Provided material:

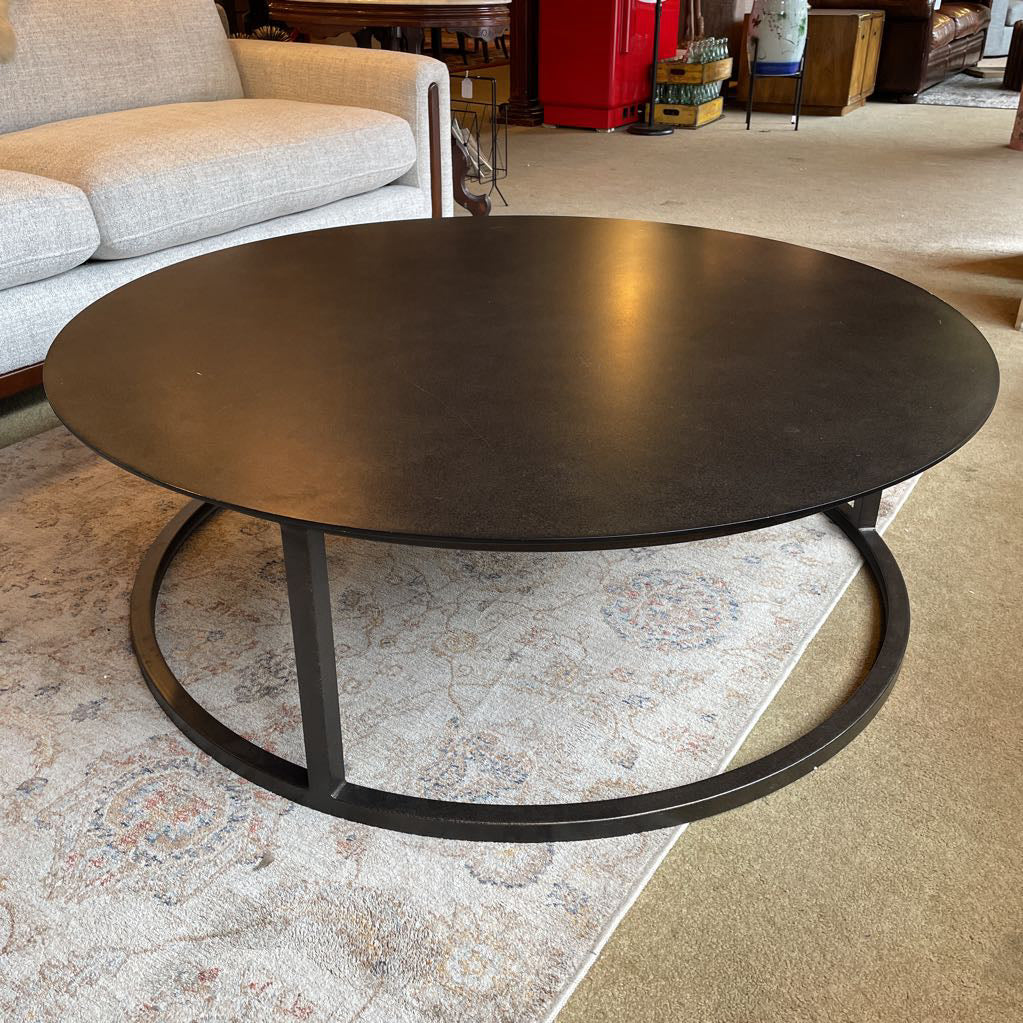 RH Bronze Metal Round Coffee Table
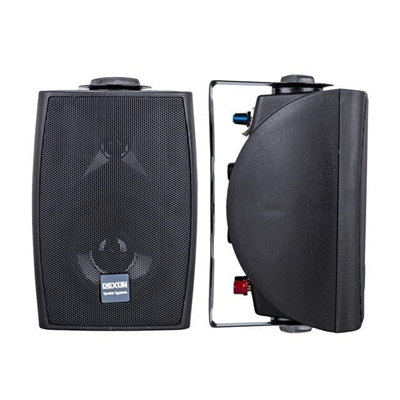 Dexun D-4T 10 CM 150 Watt 100 Volt 4 Siyah Trafolu Sütun Hoparlör (Komutatörlü)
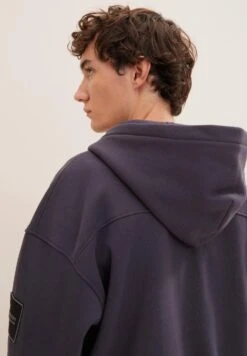 TOM TAILOR Denim Mit Logo-Detail - Sweater Met Rits - Coal Grey -Syntia Delaney ac83fcb34aa54ad687d6301f8b15f461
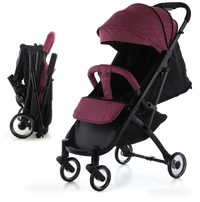 HKM-727635 Eco-friendly Lightweight Foldable Baby Stroller Pram for Children Safety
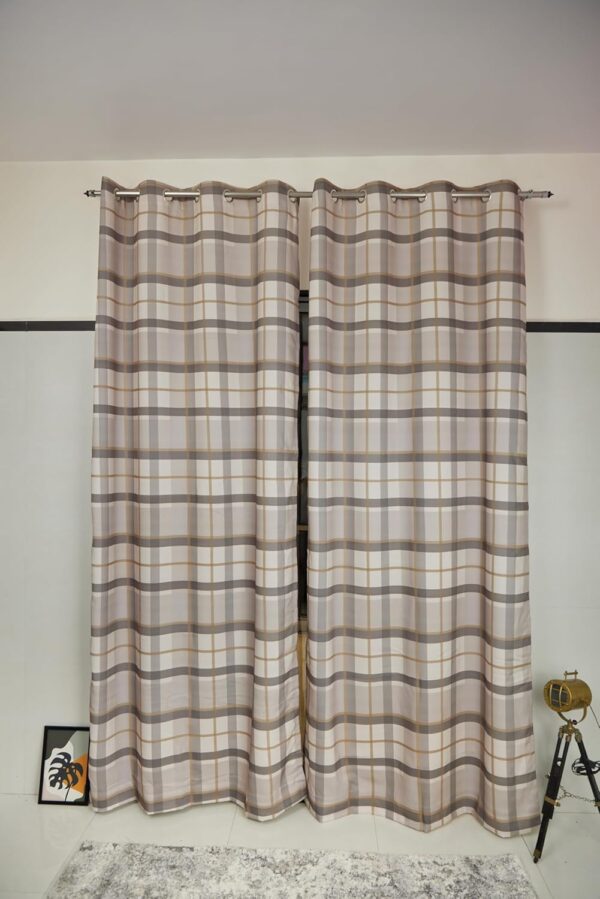 Tramb Printed Polyester Curtains: Stylish Privacy for Living Room and Bedroom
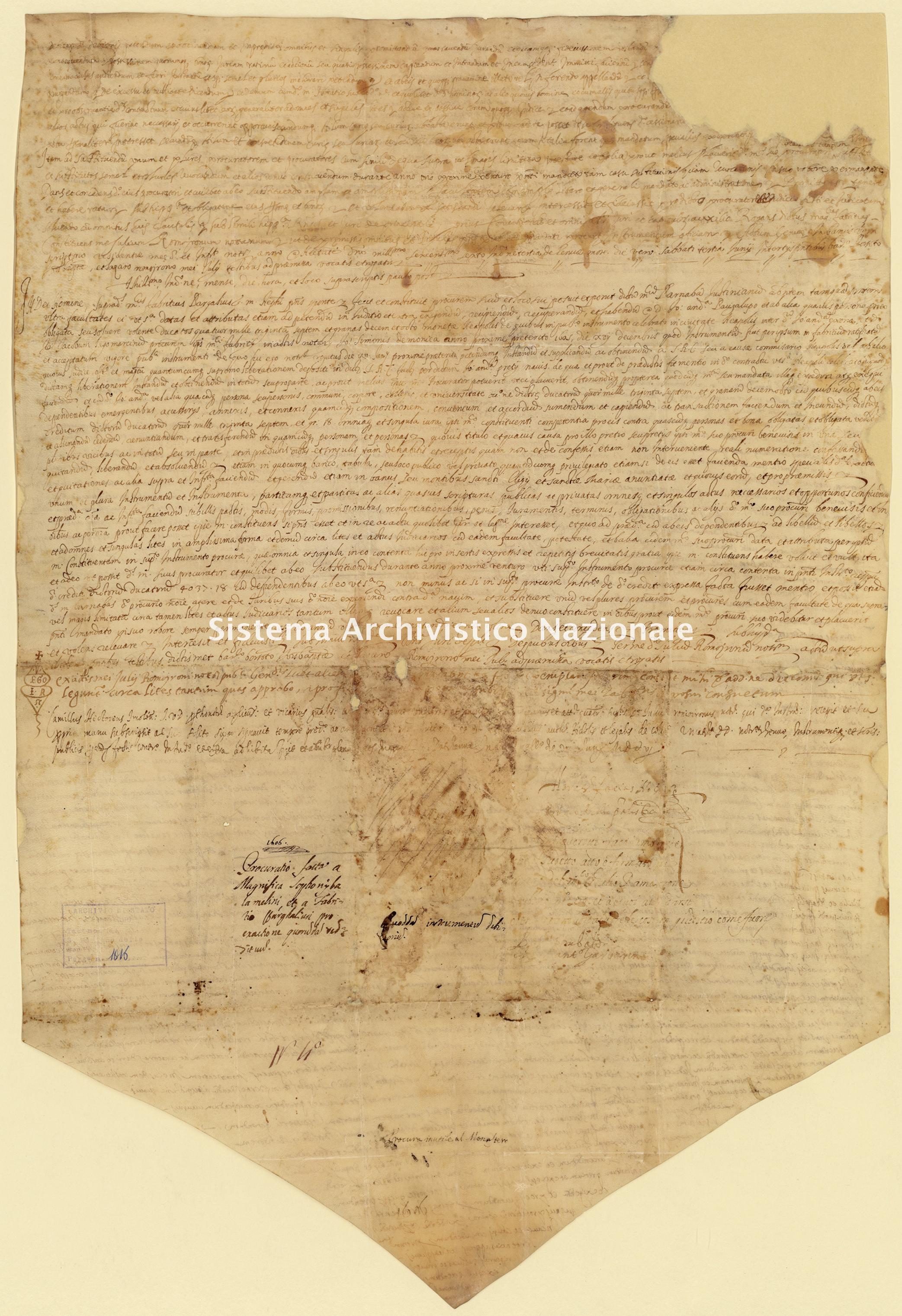 Archivio di Stato di Palermo, Diplomatico, Tabulario del monastero di San Martino delle Scale, Pergamena TSMS 1016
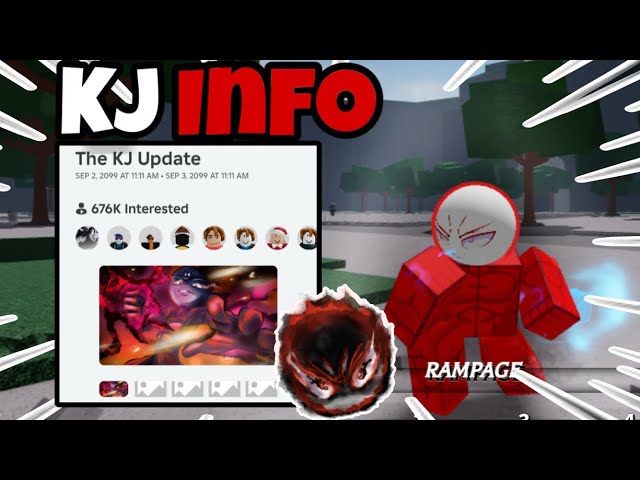 NEW FREE KJ UPDATE RELEASE INFORMATION!! | The Strongest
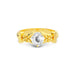 White Sapphire Gold Ring R18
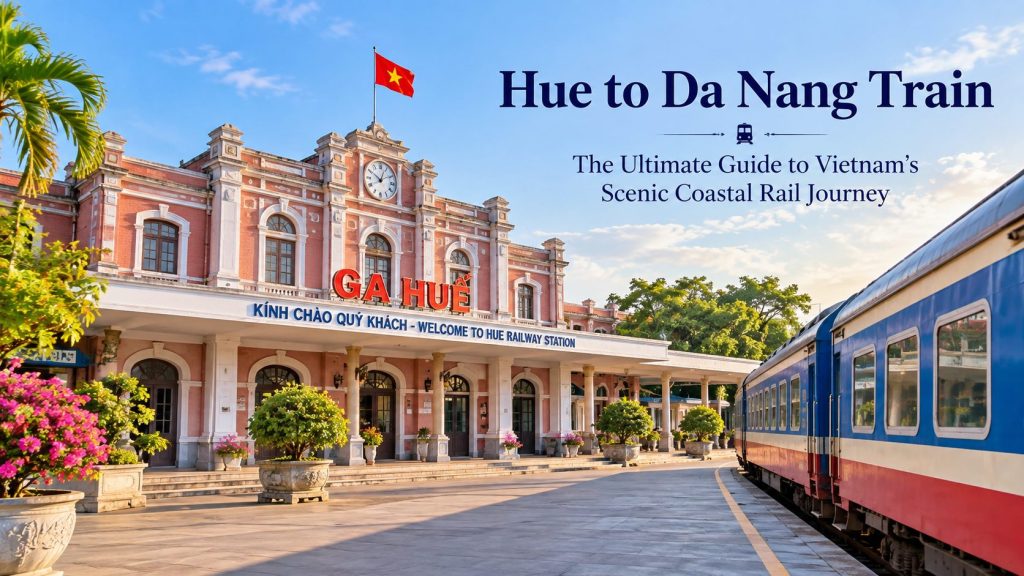 Hue Railway Station departure point for the Hue to Da Nang train.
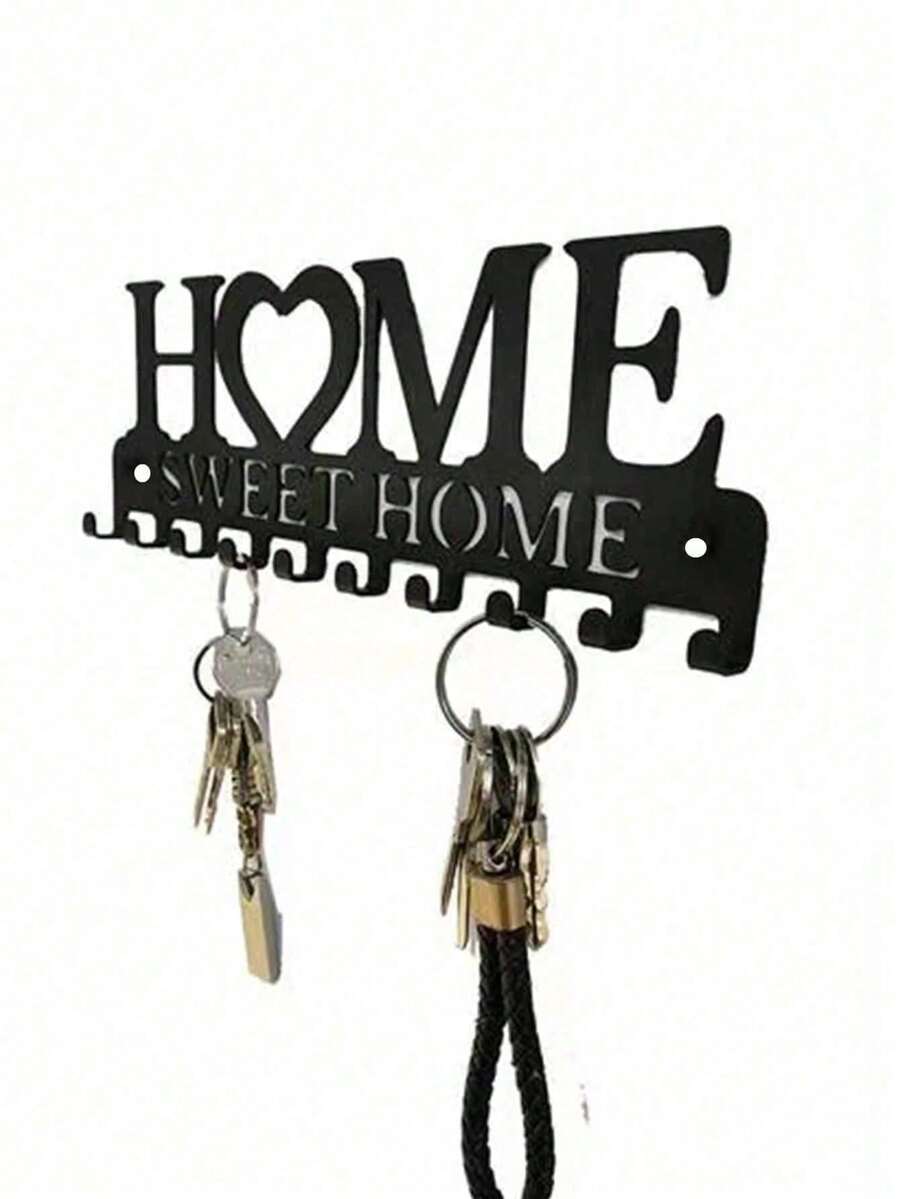 1pc Iron Wall Mounted MultiPurpose Home Hooks, Suitable For
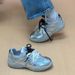 5Cm Height-Increasing Thick-Soled Color-Block Retro Silver Women's Casual Sports Dad Sneakers_vogvips.com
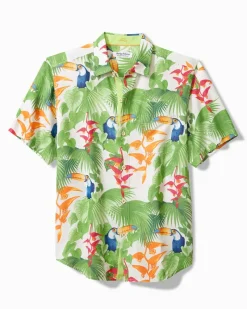 Tommy Bahama Coconut Point Toucan Chats IslandZone® Camp Shirt White Online
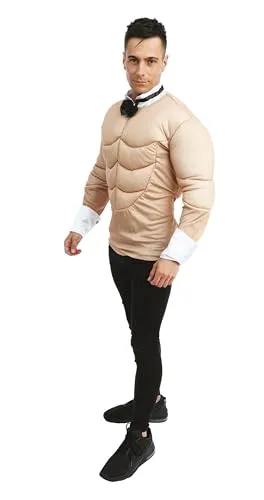 P'tit Clown Monsieur Muscles costume bodybuilder taglia unica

Exercise objective: Full transcription without images: please go through the records and repeat them exactly.

Solution for this exercise:
 RH Bronze Metal Round Coffee Table
 Dexun D-4T 10 CM 150 Watt 100 Volt 4 Siyah Trafolu Sütun Hoparlör (Komutatörlü)
 TOM TAILOR Denim Mit Logo-Detail - Sweater Met Rits - Coal Grey -Syntia Delaney ac83fcb34aa54ad687d6301f8b15f461
 HKM-727635 Eco-friendly Lightweight Foldable Baby Stroller Pram for Children Safety
 Tramb Printed Polyester Curtains: Stylish Privacy for Living Room and Bedroom
 Archivio di Stato di Palermo, Diplomatico, Tabulario del monastero di San Martino delle Scale, Pergamena TSMS 1016
 NEW FREE KJ UPDATE RELEASE INFORMATION!! | The Strongest
 White Sapphire Gold Ring R18
 Hue Railway Station departure point for the Hue to Da Nang train.
 1pc Iron Wall Mounted MultiPurpose Home Hooks, Suitable For
 5Cm Height-Increasing Thick-Soled Color-Block Retro Silver Women's Casual Sports Dad Sneakers_vogvips.com
 Tommy Bahama Coconut Point Toucan Chats IslandZone® Camp Shirt White Online
 P'tit Clown Monsieur Muscles costume bodybuilder taglia unica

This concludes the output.